What is the gross income of Jack’s a year?

LaRussa: We did over $50 million last year. That was about 9 percent growth. I think for the last five or six years, we’ve grown 9 to 12 percent every year. That’s no barn burner, but it’s consistent. It’s healthy.

And you’re satisfied with it?

LaRussa: I’m satisfied with it. Who else have I got to prove it to? Our bankers are willing to lend us all we want to borrow. And, again, what gets you in trouble–how many companies have you seen over-expand, get leveraged too far out there, hit a little bump in the road? What’s going to happen this year? You’ve had a great eight-to-ten years. Now you’ve had a struggle with an election. Mr. Clinton doesn’t want to say this downturn happened during his watch, but I think it has. Where’s it going? How wise is it to get too many stores going at one time?

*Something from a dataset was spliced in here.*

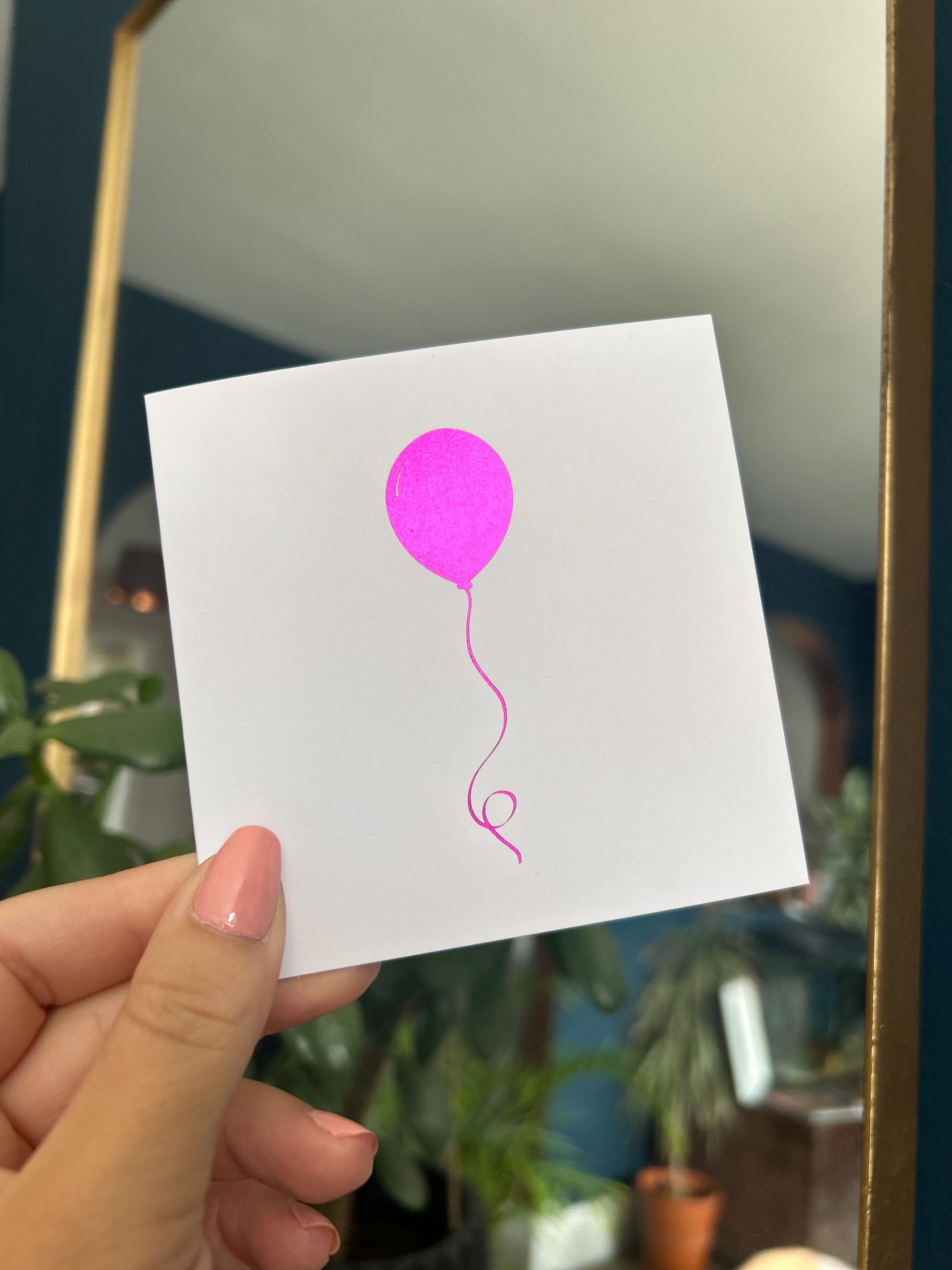 Vibrant Purple Foil Printed Balloon Card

You’ve been in the business a long time. Have there been significant blunders?

LaRussa: There definitely have been. Until I was knowledgeable enough about locations, some of the locations we picked did not pan out as good as I had hoped they would. Or maybe the location was good but we didn’t do a very good job of executing operationally, or maybe we moved too far away from home base. How often did you get out there to visit it? You can expect what you inspect. If you don’t inspect it very often, what can you expect?

This idea of remaining relatively close to the home base–by its nature that limits your growth potential, doesn’t it?

LaRussa: Well, what is close to home base? Two hundred fifty miles? Five hundred miles? What you do at that point is create an area manager who lives there. So then you’ve got another reach as far as where home base is. Our area managers are scattered out. We have people who live in Muscle Shoals, Alabama [about one hundred miles northwest of corporate offices in Birmingham].

What would you expect Jack’s to be ten years from now?

LaRussa: Very successful.

Would you expect it to be a very different looking company?

LaRussa: I would think that you would probably have 150 or two hundred stores, but hopefully it would have the same philosophy of doing business, taking care of your customers, taking care of your employees. If you take care of your employees and instill in them what they need to do to take care of the customer, the continuity will be right there. You can be conservative and keep your philosophy of business, and you can hold your head up and compete with anybody. It all depends on what you want to be. Do you want to be a national chain? Or do you want to be a strong regional chain that’s very successful?